If a picture is worth a thousand words, the economic snapshots of this week tells a story open to interpretation. — -

New home sales fell almost 11 percent in September as higher mortgage rates held back buyers.

The third quarter GDP provided some clearing of the clouds as the U.S. economy added 2.6 percent of growth, breaking two consecutive quarters of contraction.

Orders for durable goods expanded last month by 0.4 percent. Civilian aircraft lifted the sector of items meant to last three years or more.

The government’s preferred inflation index, the PCE, pushed higher - this time by 0.5 percent – even with a rise in consumer spending and private industry wage growth. –—

Metaphors aside, the lack of physical clouds has left the fall inland waterway system in peril.

The latest Drought Monitor reveals 61 percent of the continental U.S. is in moderate drought or worse - the highest since the peak of the 2012 drought.

Any rain that falls for the foreseeable future will stay where it hits and get soaked up leaving transportation on the Mighty Mississippi in the slow lane.

Here’s David Miller.

Continued dry conditions and reduced water flow have altered barge and tow traffic.

Here in Tiptonville, Tennessee – an area about halfway between St. Louis and Memphis – a large section of the riverbed of the Mississippi River has been exposed.

Grain usually heads downstream this time of year with fertilizers, salt and steel making the trip up river.

American Commercial Barge Lines reported depth in some spots of the Lower Mississippi River at 9 feet or about 30 percent of normal.

To compensate for the lower flow, barge companies have cut loads by a quarter. Tows that were usually 40 barges chained together have been reduced to about 25.
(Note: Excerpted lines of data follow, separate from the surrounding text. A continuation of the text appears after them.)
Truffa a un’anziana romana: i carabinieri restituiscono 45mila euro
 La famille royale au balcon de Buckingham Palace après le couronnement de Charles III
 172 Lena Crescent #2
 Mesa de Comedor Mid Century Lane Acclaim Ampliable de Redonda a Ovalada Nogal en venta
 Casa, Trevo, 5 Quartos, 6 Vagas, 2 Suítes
Low river levels have revealed some history.  Near Baton Rouge, Louisiana, this ferry emerged from the depths this fall and has likely been there since sinking in the late 1800s.

Dr. Chip McGimsey, Archaeologist for the State of Louisiana: "The drought is the only reason we see her. Normal pool of the river is up there at the top of the tall green weedy patch. There was a previous drought in 1992 and she became known at that time, but at that particular time all you could see was the very tops of the sides. She was completely full of mud with mud caked all around her. So there wasn't really much to see. We knew she was here, but couldn't say much about her."

Even if rain picks up along the Mississippi River basin, deeper flows may take some time to be restored.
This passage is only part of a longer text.